*** DATASET ENTRIES ***
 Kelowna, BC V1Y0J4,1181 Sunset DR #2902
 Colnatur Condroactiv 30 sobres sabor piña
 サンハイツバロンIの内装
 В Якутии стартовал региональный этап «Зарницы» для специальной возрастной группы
*** End of DATASET ENTRIES ***
*** DATASET ENTRIES ***
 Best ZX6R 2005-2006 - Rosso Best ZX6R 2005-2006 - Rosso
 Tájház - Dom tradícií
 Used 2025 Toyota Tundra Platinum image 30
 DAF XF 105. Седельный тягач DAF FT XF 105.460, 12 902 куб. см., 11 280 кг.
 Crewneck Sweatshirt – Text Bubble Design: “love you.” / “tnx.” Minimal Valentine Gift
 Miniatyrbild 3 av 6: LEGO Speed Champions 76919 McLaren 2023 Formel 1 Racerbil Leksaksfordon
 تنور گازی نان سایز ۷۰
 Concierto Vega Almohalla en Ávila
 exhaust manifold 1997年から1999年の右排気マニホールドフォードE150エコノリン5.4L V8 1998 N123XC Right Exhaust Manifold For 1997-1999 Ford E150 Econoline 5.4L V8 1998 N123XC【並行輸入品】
*** End of DATASET ENTRIES ***
== TRY IT ==
From the records above, transcribe exactly the run of lines that opens with the line holding "サンハイツバロンIの内装" and closes with the line holding "В Якутии стартовал", both included.

== YOUR SOLUTION ==
 サンハイツバロンIの内装
 В Якутии стартовал региональный этап «Зарницы» для специальной возрастной группы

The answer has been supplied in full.